In summer 2020, numerous Nautilus members took part in a Solent University study on how the Covid-19 pandemic was affecting UK seafarers – looking particularly at the financial impact of the disease. The initial results are now in, and there are already some useful insights, as Sarah Robinson reports. In addition, there were three other academic studies in 2020 on the impact of the pandemic on seafarers' wellbeing around the world - scroll down to find out more

The forgotten keyworkers: challenges faced by British seafarers during Covid-19

Although British seafarers tend to be well paid in comparison with the national average salary, they are often subject to employment practices that leave them vulnerable in times of trouble.

Temporary contracts and non-standard tax arrangements are two issues which have many times led Nautilus members to seek help from their Union, and there is now academic research available with evidence of the harm these are causing during the pandemic.

The new data comes from the preliminary findings of the 'Forgotten keyworkers' study led by Dr Helen Devereux and Dr Emma Wadsworth at Solent University with support from the UK Merchant Navy Welfare Board and (in recruiting participants) from Nautilus International.

The findings were presented in November 2020 at an online conference organised by World Maritime University (WMU), titled Understanding the Effects of Covid-19 on Seafarers.

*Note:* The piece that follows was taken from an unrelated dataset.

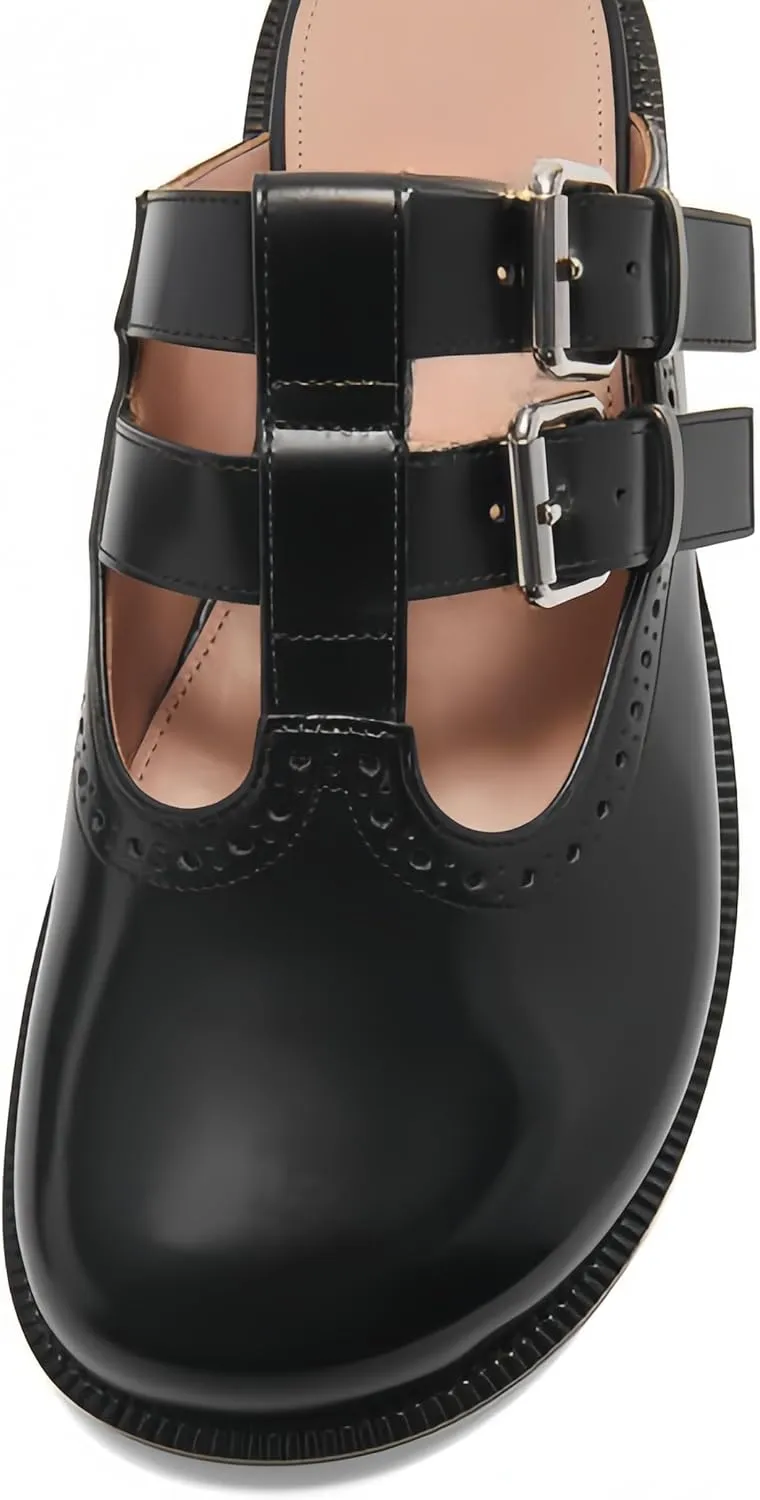 Flats Mules for Women Round Toe Low Heel Sandals Baotou Double Belt Buckle Mary Jane Flat Slip-on Backless Comfortable Casual Walking Dress Party Soft Shoes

Set-up of the Solent University study

Dr Helen Devereux

At the time Dr Devereux and Dr Wadsworth were seeking participants for the study in summer 2020, they could hardly have predicted that the crew change crisis caused by the pandemic would still not be resolved at the beginning of 2021, nor that furlough and redundancies would have remained such important issues for maritime workers.

However, they had some inkling that the troubles would not be over soon, as they set up the research as a longitudinal study, and there will be a follow-up questionnaire in the next few months.

The first research questionnaire was completed online by 216 respondents in July and August 2020. Participants were British seafarers of all ranks and employed across the various sectors of the industry. Most of the data collected was quantitative (statistical), but there were also opportunities for participants to contribute qualitative data, with opportunities to write freely about their experiences.

Weathering the crew change crisis

The study found that the way individuals were employed made a significant difference to their experience of the crew change crisis – in which thousands of seafarers were stranded at sea beyond the end of their contracts or stuck at home waiting to start a tour of duty because pandemic restrictions meant that they could not leave or join their vessels.

In the survey, more seafarers with permanent contracts reported being able to join their vessels as normal: 40% compared to 10% of those with temporary contracts. Could this be because those companies offering the security of permanent contracts were also those willing to go the extra mile to resolve problems with repatriating their seafarers and arranging crew relief?

Meanwhile, fewer seafarers with permanent contracts had seen their pay stopped when they could not join a vessel as scheduled: 3% compared to 17% of those with temporary contracts.

Also, fewer seafarers with permanent contracts had been made redundant: 2% compared to 17% of those with temporary contracts. And perhaps most powerfully of all, 63% of those with temporary contracts reported that the pandemic had had an impact on their finances, whereas only 31% of those on permanent contracts said this.

Impact on career prospects at sea

The survey next looked at whether participants' experiences during the pandemic had affected their feelings about their work, and again there was a significant difference between those on temporary and permanent contracts.

Fewer seafarers with permanent contracts reported being more likely to leave the industry: 11% compared to 23% of those with temporary contracts.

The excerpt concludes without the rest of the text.